The material below includes pictures; leave them out and return only the lines between the line containing "Demolition Whistler 18´´" and the line containing "Sensore-Temperatura per Volvo", inclusive, word for word.
[Provided data Boundary: Start]
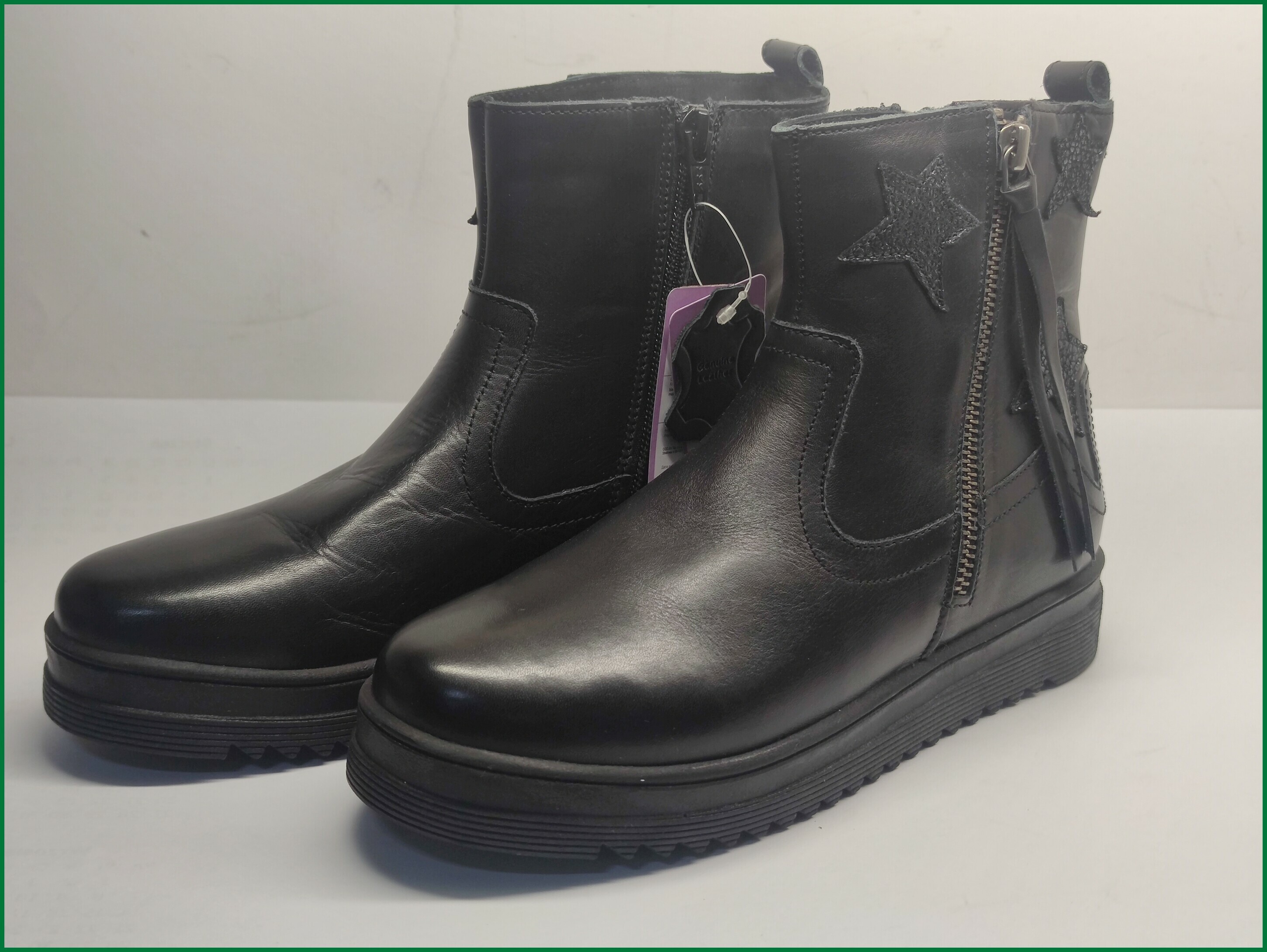 buty-lasocki-ci12-turic-01-roz-36-kod-producenta-ci12-turic-01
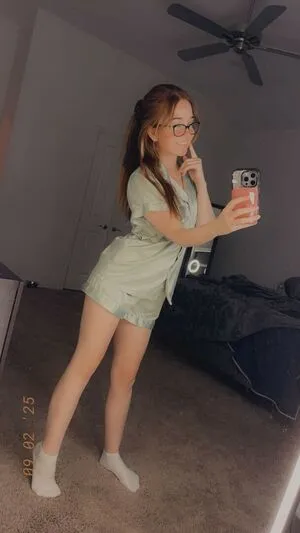 Lyssaurora OnlyFans Leaked Free Thumbnail Picture - #U108fUVOX0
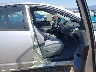 JTDKB20U857****** Usados y Reparables 2005 Toyota Prius en Estado de Washington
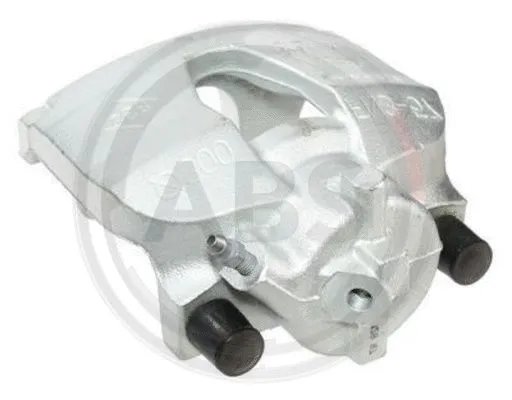 Brake Caliper (421481)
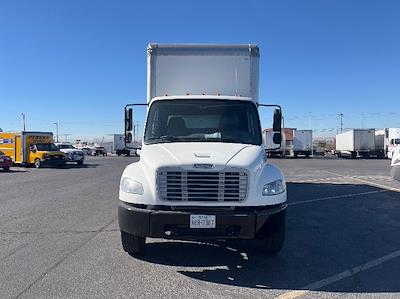 Used 2019 Freightliner M2 106 - photo 1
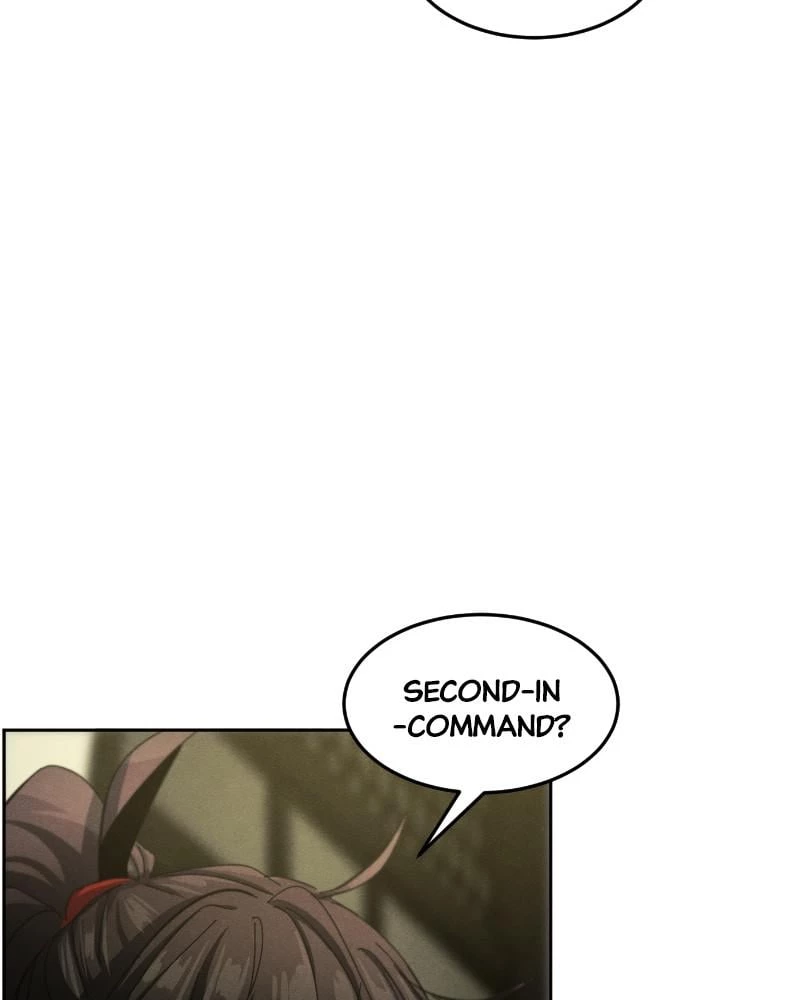 Return of the Mad Demon Chapter 48 - 34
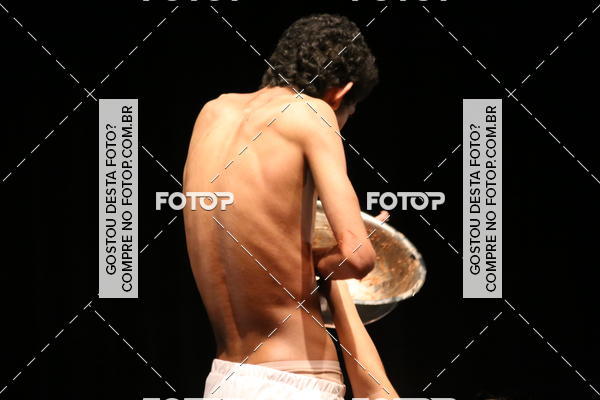 Buy your photos of the eventI UBATUBA  DANCE FESTIVAL (DOMINGO) on Fotop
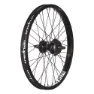 Demolition Whistler 18´´ Lhd Bakhjul, Black, One Size, 1s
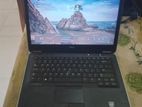 Dell i5 16GB RAM Laptop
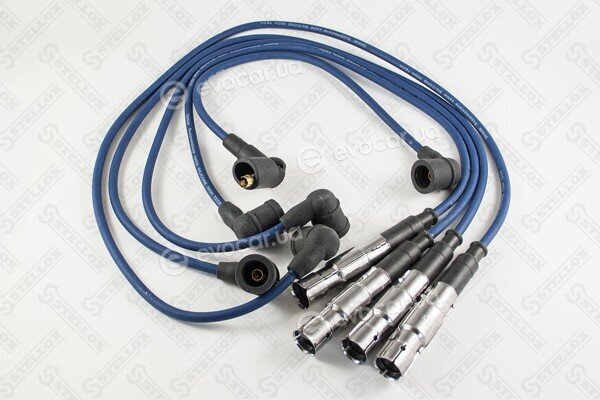 Stellox 10-38248-SX
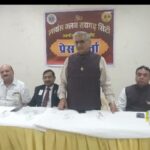 22 को लॉयंस क्लब रायगढ़ सिटी का यादगार स्वर्ण जयंती समारोह का आयोजन,रायगढ़ क्लब के सदस्यों में अपार उत्साह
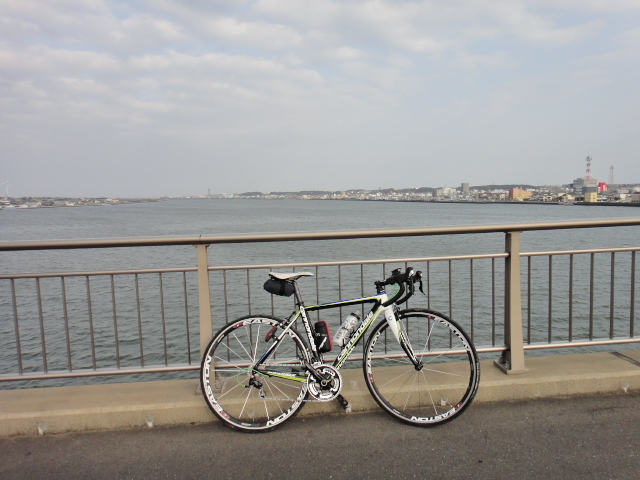 b0092366_00423845.jpg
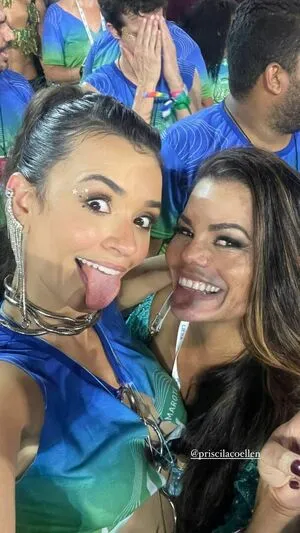 Talita Younan OnlyFans Leaked Free Thumbnail Picture - #9wlNkZ0pKz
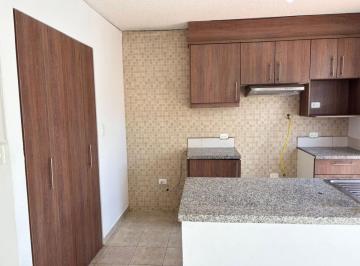Casa de 3 habitaciones, Quito · Casa de Renta Dentro de Conjunto Privado Sector El Arenal
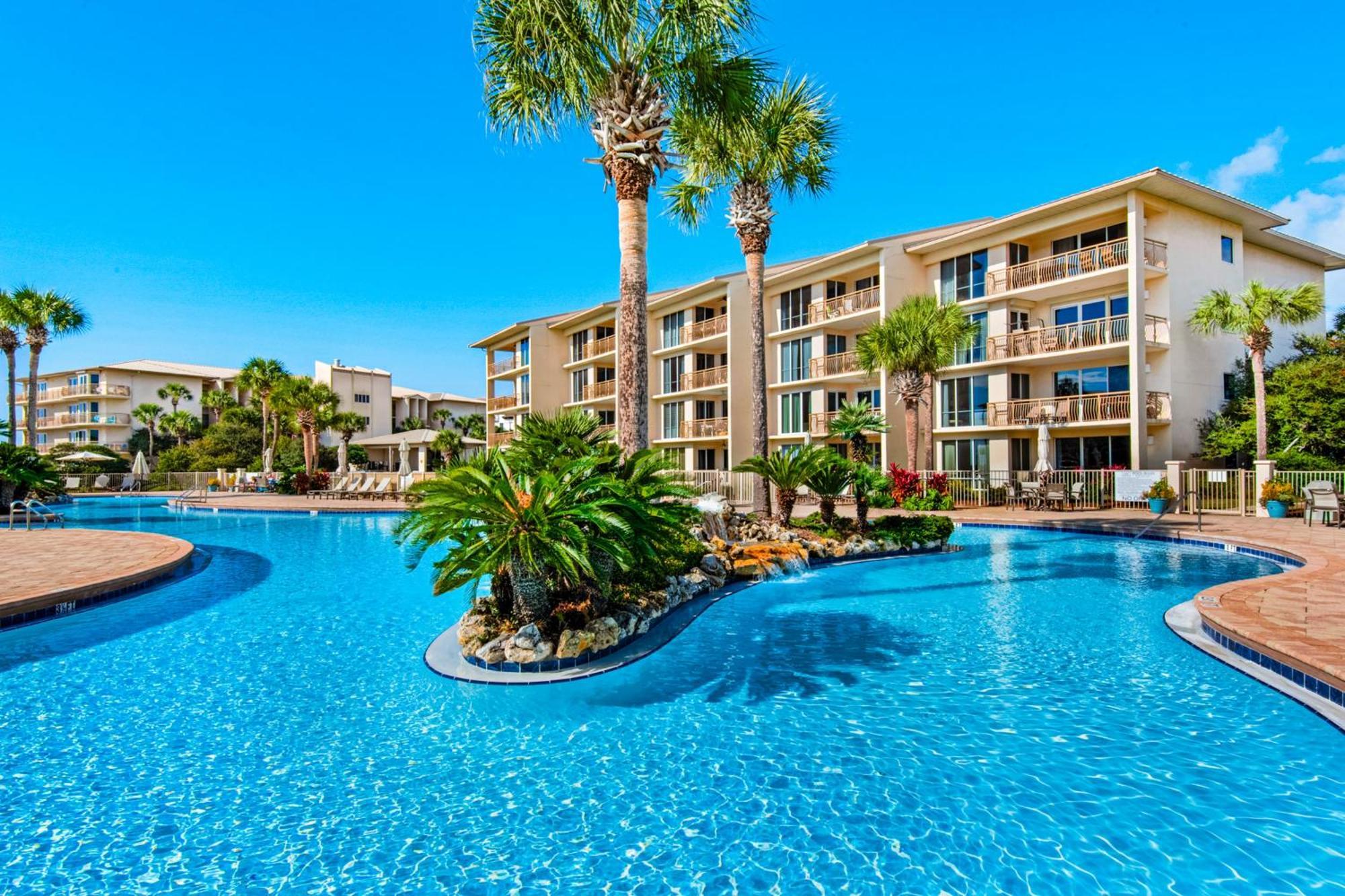 High Pointe 235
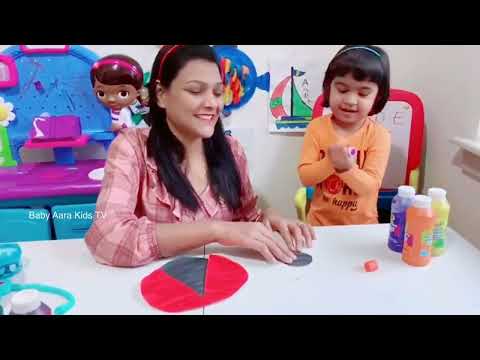 kids activities | What to do with kids at home | Activities for kids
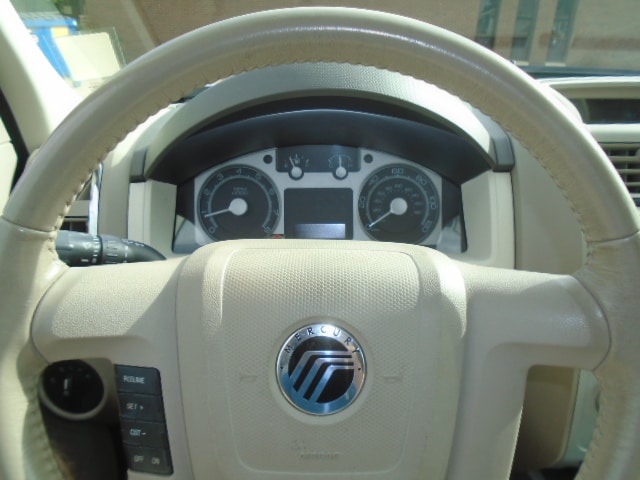 View 19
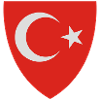 turkey_crest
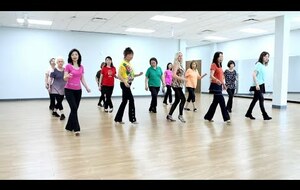 ALL THE SMALL THINGS du 27/05/2025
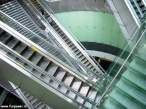 Too many stairs.jpg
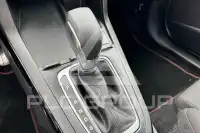 2025 Ford Puma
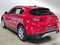 2019 Alfa Romeo Stelvio RWD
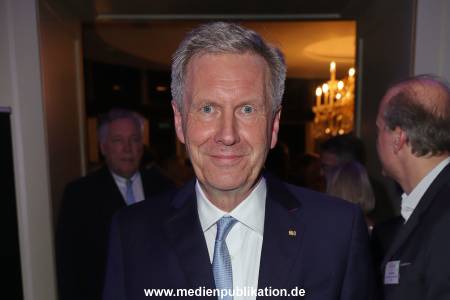 BlankeneserNJE 09012020 363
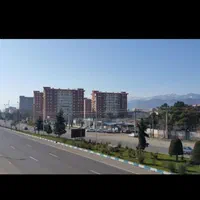 مسکن مهر استارا|فروش آپارتمان|آستارا, |دیوار
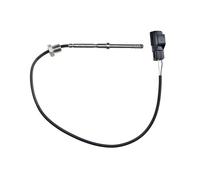 Sensore-Temperatura per Volvo S60 2.4D 04 V70 A Particella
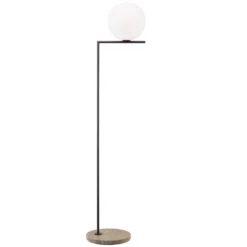 Flos IC Lights F2 Outdoor Vloerlamp Donkerbruin, Voet Beige -Beste Meubelcollectie Winkel x886x886 flos ic lights f2 outdoor vloerlamp.jpg.pagespeed.ic .pDZpgL0VDj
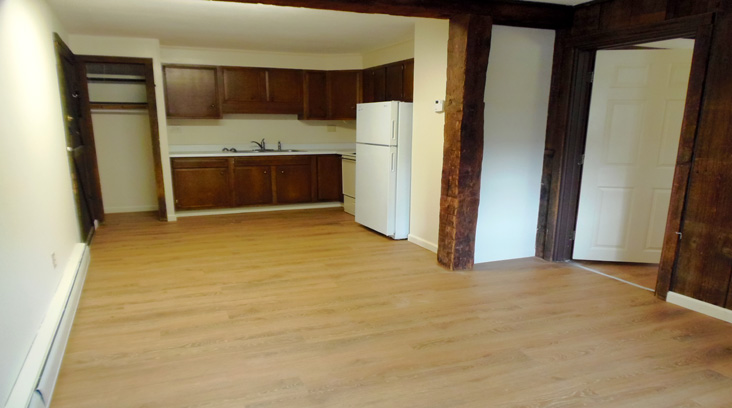 Dryden Realty Property Picture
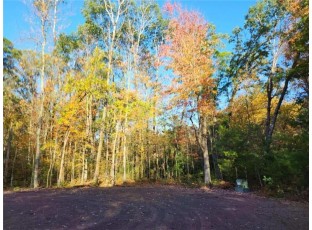 LOT 5 Maria'S Way Webster, WI 54893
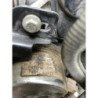 Moteur Renault Kangoo 2 Phase 2 (2)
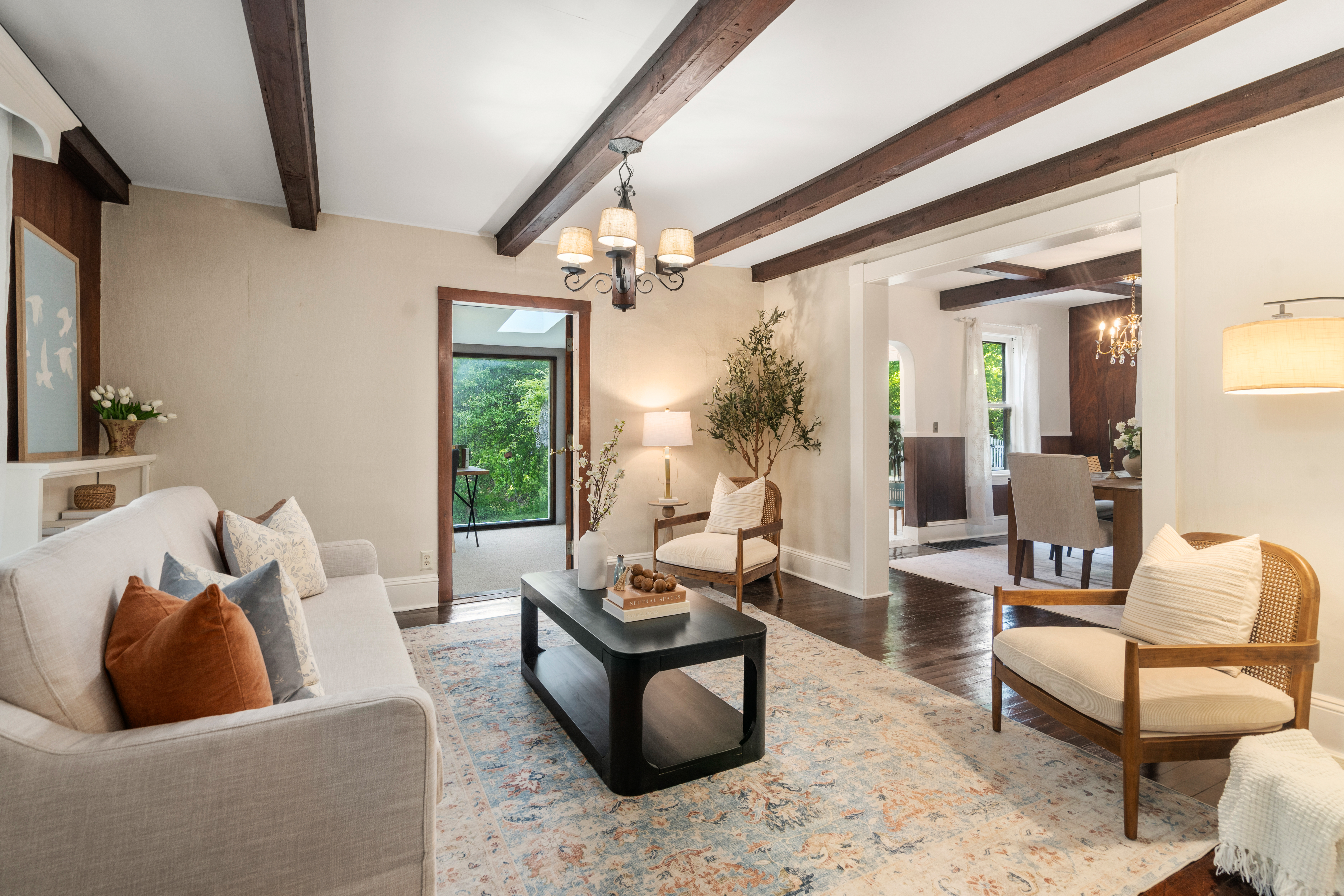  25 Park Street, Southborough, MA, 01772 - 物件實景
[Provided data Boundary: End]
[Response]:
 Demolition Whistler 18´´ Lhd Bakhjul, Black, One Size, 1s
 Dell i5 16GB RAM Laptop
 Stellox 10-38248-SX
 22 को लॉयंस क्लब रायगढ़ सिटी का यादगार स्वर्ण जयंती समारोह का आयोजन,रायगढ़ क्लब के सदस्यों में अपार उत्साह
 b0092366_00423845.jpg
 Talita Younan OnlyFans Leaked Free Thumbnail Picture - #9wlNkZ0pKz
Casa de 3 habitaciones, Quito · Casa de Renta Dentro de Conjunto Privado Sector El Arenal
 High Pointe 235
 kids activities | What to do with kids at home | Activities for kids
 View 19
 turkey_crest
 ALL THE SMALL THINGS du 27/05/2025
 Too many stairs.jpg
 2025 Ford Puma
 2019 Alfa Romeo Stelvio RWD
 BlankeneserNJE 09012020 363
 مسکن مهر استارا|فروش آپارتمان|آستارا, |دیوار
 Sensore-Temperatura per Volvo S60 2.4D 04 V70 A Particella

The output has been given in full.